Building Wealth Through Compound Interest Investing


Building wealth, personal wealth, is not something that is limited to a single strategy. You can either invest a fortune, earn a fortune, win the lottery, inherit a fortune, or grow a fortune. There is no one-size-fits-all method to creating wealth, and you have to pick what suits your needs. Regardless, it’s important to know how to build a fortune in the best possible way for you.

Building Wealth vs Fortune

Wealth and fortune are not synonymous terms, but we associate them as such because of the somewhat irrational human concept we know as good luck. Fortune, in the realm of personal finance, is better described as fortuitous wealth, the kind that was attained through positive actions and good luck. We are not solely talking about the kind of good luck that makes it possible for us to hit the lottery jackpot or being born into money; we are talking about the kind of luck that keeps bad things from getting in the way of generating wealth.

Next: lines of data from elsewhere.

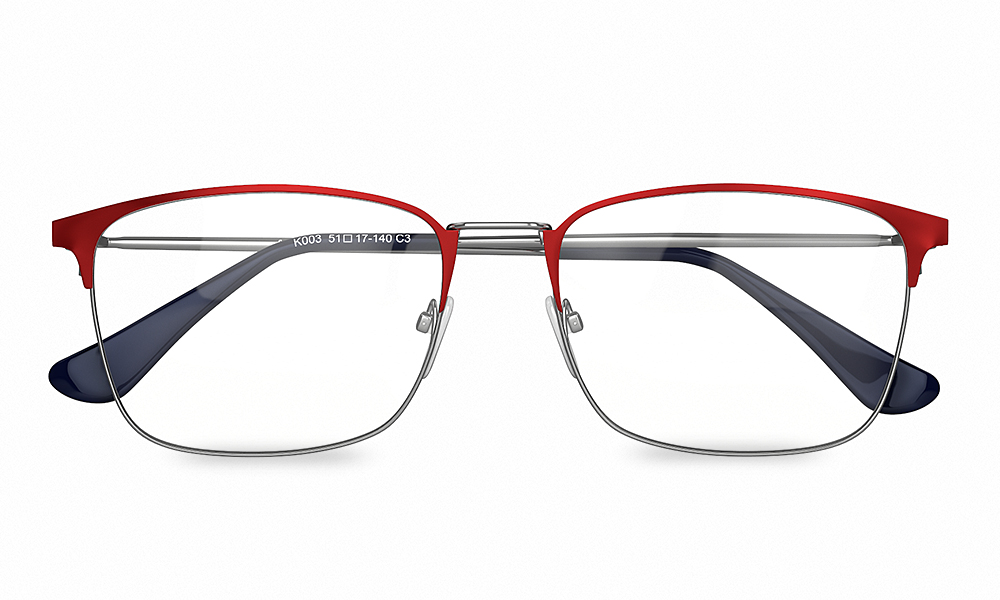 Jean Square Maroon Full Rim Eyeglasses
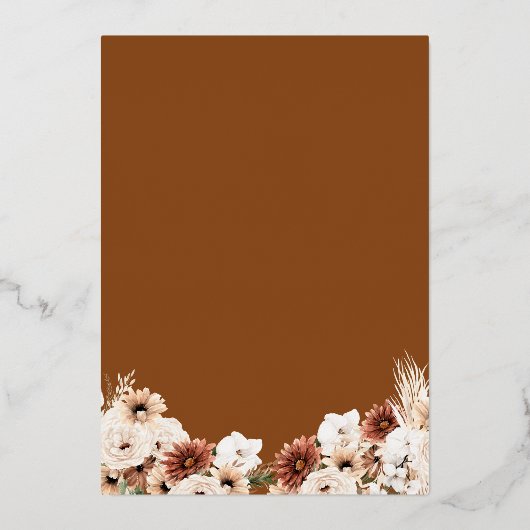 Terracotta Boho Bloem Bruiloft Jubileum Goud Folie Uitnodiging (Achterkant)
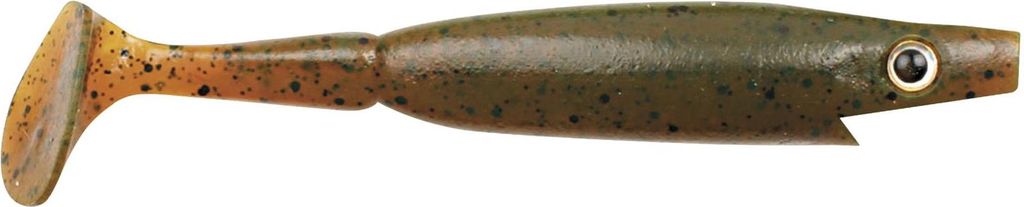 Strike Pro Piglet Shad 10cm 7g - 6 Gummifische, Farbe:Motor Oil Pepper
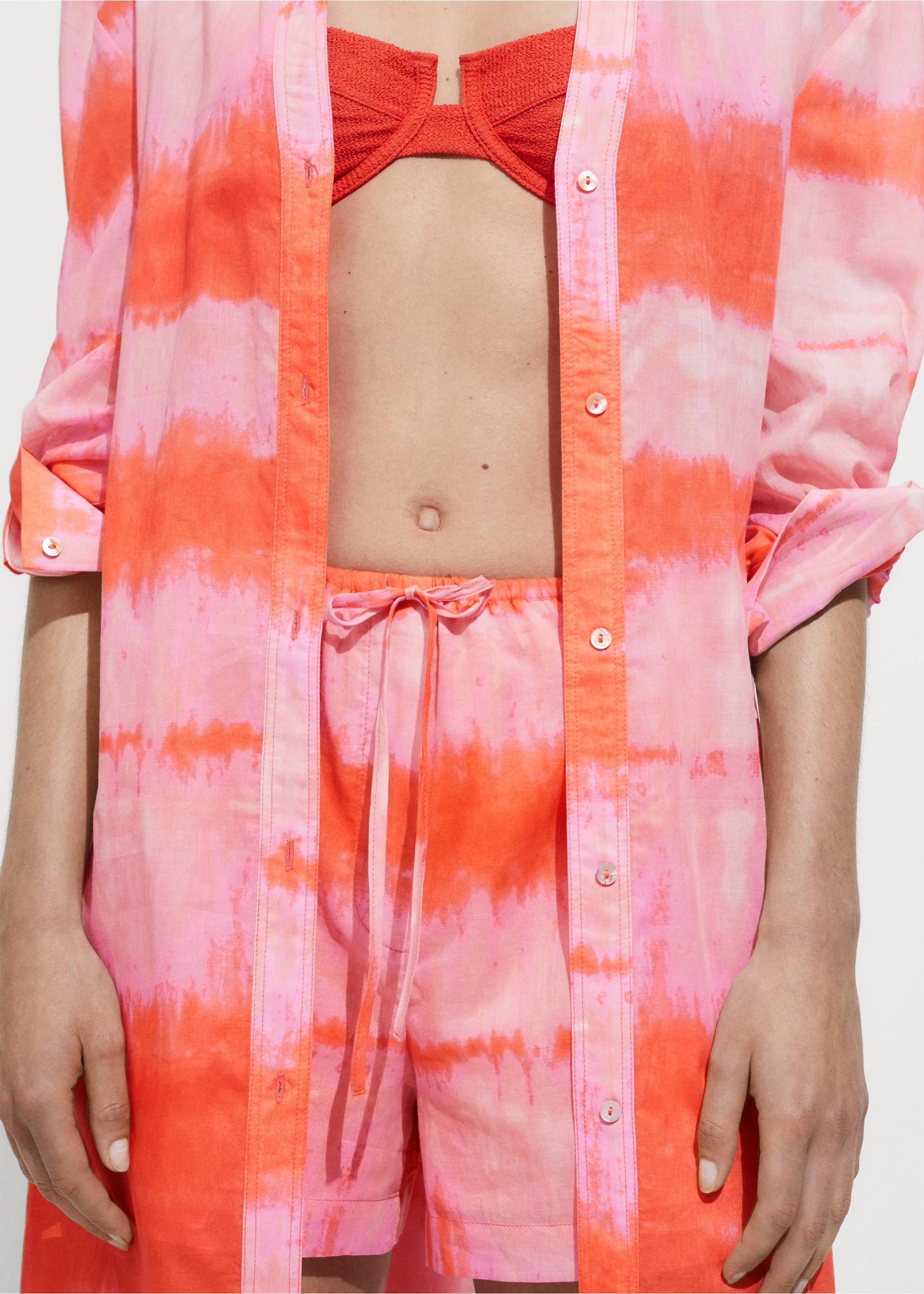 Printed shirt dress - Medium plane, Orange. Ref: 77000388-00.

If you successfully build wealth as a real estate developer, for example, your gains are a fortune because you are investing in a field where many things can go wrong. Let’s say you were always able to flip properties just before the housing market turned against you; this is clearly good luck, and it is when we can say that the wealth you built is indeed a fortune.

Luck is an aspect of investing that cannot be ignored. Even legendary investors such as Warren Buffett, who happens to be one of the biggest fans of compound interest, will tell you that luck has blessed not only his investments but his life in general. Granted, Buffett is also known for being a highly disciplined investor, but he admits that he has been luckier than most. All the same, Buffett has also stayed away from investing strategies that would have presented more risk than he is willing to tolerate; in other words, he has made financial decisions based on the lesser likelihood of things going wrong.

Here we are going to explain a few principles of compound interest investing and how it can help you build and earn wealth. Even though compounding is a financial strategy in and of itself, it does not have to be the sole investing activity you get into; however, it should be clear to see how it can help you achieve personal financial goals.

Compound Interest as the Ultimate Hedge Against Financial Risk

Compound Interest as the Ultimate Hedge Against Financial Risk

We already mentioned a successful real estate developer who never got caught up in a market downturn as an example of a lucky investor. We also mentioned that Warren Buffett is not the type of investor who takes chances; he prefers the simplicity of compound interest because of how straightforward it is for everyone and also because it does not leave much to chance.

In financial mathematics, compound interest is nothing more than an exponential logarithm, which is to say that it can be boiled down to a simple formula. You can see how the formula works by playing around with our calculators, which only require you to input parameters such as initial deposit, compound interest, frequency of interest payments, amount of periodic contributions, and how long you plan on keeping the account active.

There is not much that can go wrong with the most rudimentary form of compounding, which is to deposit money into a high-yield savings or money market account. Assuming that the account is in a bank or credit union in the United States, the worst that could happen would be the institution failing, in which case your money is safe for up to $250,000, thanks to the Federal Deposit Insurance Corporation.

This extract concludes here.